Tata kelola PMI yang diserahkan kepada pihak ketiga dalam hal ini agensi sering menimbulkan kejadian kekerasan kerja,pembungkaman PMI untuk menuntut hak nya,tereksploitasi dan menjadikan PMI sapi perah ditempat kerja.
Dalam kasus ini seharusnya KDEI menempatkan dirinya untuk melindungi PMI secara maksimal. Dengan mengadakan pengawasan langsung maupun tidak kepada PMI misalkan kunjungan maupun melalui telepon secara berkala.
“Bukankah pemerintah mempunyai data PMI melalui PK (Perjanjian Kontrak) yang dilegislasi oleh KDEI baik untuk PMI yang baru datang maupun yang telah melakukan perpanjangan kontrak di Taiwan?” ….
Pemerintah Indonesia telah mewajibkan bagi PMI nya untuk leges PK dengan membayar biaya sebagai pajak yang masuk ke negara RI ditambah biaya Jamsos agar leges turun sehingga pemasukan negara bertambah namun perlindungan secara nyata tidak ada.
Oleh karena itu dalam kasus ini KDEI dan pemerintah Indonesia seharusnya merasa malu atas kejadian yang menimpa rakyatnya sebab selama ini hanya memikirkan devisa dan strategi mengumpulkan uang dari pekerja migran!

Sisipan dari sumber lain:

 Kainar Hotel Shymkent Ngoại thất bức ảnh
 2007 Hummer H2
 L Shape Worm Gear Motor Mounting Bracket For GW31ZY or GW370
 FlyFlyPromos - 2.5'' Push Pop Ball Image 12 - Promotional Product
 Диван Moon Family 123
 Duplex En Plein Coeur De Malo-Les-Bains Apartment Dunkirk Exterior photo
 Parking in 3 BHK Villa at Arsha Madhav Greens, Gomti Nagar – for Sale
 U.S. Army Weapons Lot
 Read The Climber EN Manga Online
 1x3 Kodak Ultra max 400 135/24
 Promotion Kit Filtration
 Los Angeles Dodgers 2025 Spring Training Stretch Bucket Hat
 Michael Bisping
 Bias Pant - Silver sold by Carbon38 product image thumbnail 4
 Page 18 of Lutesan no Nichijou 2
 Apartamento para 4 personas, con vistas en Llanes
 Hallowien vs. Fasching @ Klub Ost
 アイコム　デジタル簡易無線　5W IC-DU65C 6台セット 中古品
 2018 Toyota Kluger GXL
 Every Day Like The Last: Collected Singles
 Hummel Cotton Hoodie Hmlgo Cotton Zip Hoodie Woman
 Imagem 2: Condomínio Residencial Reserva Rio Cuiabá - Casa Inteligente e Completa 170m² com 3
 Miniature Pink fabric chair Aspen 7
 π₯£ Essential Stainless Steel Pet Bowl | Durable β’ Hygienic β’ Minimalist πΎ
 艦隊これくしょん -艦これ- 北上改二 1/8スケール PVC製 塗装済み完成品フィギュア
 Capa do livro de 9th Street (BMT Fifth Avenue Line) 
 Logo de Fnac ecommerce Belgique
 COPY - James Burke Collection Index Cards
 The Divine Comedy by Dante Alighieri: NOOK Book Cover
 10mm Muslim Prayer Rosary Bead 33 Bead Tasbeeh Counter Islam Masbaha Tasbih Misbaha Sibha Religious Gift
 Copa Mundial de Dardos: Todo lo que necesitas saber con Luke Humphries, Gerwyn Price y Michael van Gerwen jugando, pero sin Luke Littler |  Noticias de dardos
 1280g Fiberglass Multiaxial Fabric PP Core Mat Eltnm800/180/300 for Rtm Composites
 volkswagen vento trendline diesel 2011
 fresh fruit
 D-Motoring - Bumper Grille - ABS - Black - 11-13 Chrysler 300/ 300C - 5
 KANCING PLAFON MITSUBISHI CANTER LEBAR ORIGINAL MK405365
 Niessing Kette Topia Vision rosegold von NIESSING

PMI terpaksa meninggalkan keluarga karena ketidakmampuan negara menyediakan lapangan kerja dan pendapatan yang layak bagi warganya.
Sementara kami di Taiwan menghadapi berbagai masalah karena diskriminasi hukum yaitu PRT tidak terlindungi UU Ketenagakerjaan sehingga muncul kasus kekerasan fisik dan seksual seperti yang terjadi baru ini.
Peran negara RI dalam kasus ini sangat dibutuhkan mulai dari perlindungan terhadap PRT yang harusnya makin ditingkatkan agar negara hadir untuk PMI dan keluarganya bukan sekedar jargon semata.Dan PMI bukan menjadi tumbal devisa.[BI]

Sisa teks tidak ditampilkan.